Gold prices gained on Monday following a steep fall in the previous session as tensions in the Middle East and weaker financial markets supported the metal, while a stronger dollar kept a lid on gains.
Spot gold XAU= was up 0.2% at $1,427.31 per ounce, as of 0735 GMT. The metal hit $1,452.60 in the previous session, its highest since May 2013, before closing 1.5% lower.
“Over the weekend, what happened between Iran and the United Kingdom is supporting gold prices today,” said Brian Lan, managing director at dealer GoldSilver Central in Singapore.
“Also, equities are lower and at this point of time with geo-political tensions and the Fed looking to cut rates, gold looks attractive, but people are worried about the stronger dollar.”
Iran’s Revolutionary Guards said they had captured a British-flagged oil tanker in the Gulf after Britain seized an Iranian vessel earlier this month, ratcheting up tensions along a vital international oil shipping route.
Britain was weighing its next moves on Sunday, with few good options apparent as a recording emerged showing that the Iranian military defied a British warship when it boarded and seized the ship three days ago.
Meanwhile, Asia stocks eased on Monday as investors reduced expectations of an aggressive interest rate cut by the Federal Reserve.
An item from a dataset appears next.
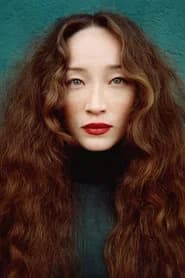 Havana Rose Liu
Likelihood of a smaller rate cut from the U.S. central bank lifted the dollar, making gold expensive for investors holding other currencies.
“Geopolitical risks from the Persian Gulf could provide some support for the yellow metal, but the next major move will likely be if the Fed is dovish enough for markets,” Shayne Heffernan, CEO and Founder of Heffx, said in a note.
Holdings of SPDR Gold Trust, the world’s largest gold-backed exchange-traded fund, rose 0.72% to 820.49 tonnes on Friday from Thursday.